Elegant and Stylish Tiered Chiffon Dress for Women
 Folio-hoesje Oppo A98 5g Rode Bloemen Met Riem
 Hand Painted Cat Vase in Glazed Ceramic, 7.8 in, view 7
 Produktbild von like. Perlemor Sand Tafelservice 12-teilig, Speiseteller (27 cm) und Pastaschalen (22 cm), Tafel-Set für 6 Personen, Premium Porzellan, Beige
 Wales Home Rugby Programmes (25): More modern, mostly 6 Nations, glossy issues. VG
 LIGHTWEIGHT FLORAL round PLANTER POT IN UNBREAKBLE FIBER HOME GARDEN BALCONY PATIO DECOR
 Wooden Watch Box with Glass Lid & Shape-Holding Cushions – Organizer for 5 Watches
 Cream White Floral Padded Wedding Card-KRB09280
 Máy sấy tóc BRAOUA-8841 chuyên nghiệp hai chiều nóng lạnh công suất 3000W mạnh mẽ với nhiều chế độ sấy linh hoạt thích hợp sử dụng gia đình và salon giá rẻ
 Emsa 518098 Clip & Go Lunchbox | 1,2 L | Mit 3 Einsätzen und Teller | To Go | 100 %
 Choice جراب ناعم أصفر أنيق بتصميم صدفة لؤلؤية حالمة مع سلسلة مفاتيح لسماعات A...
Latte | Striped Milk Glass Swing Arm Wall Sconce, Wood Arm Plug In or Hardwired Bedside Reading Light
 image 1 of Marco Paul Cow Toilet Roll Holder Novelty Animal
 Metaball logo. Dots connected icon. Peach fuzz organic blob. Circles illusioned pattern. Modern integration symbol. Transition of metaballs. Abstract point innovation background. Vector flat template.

========================================================================

Problem requirements: Pull every line containing "Glass" out of the records.

Solution:
 Wooden Watch Box with Glass Lid & Shape-Holding Cushions – Organizer for 5 Watches
Latte | Striped Milk Glass Swing Arm Wall Sconce, Wood Arm Plug In or Hardwired Bedside Reading Light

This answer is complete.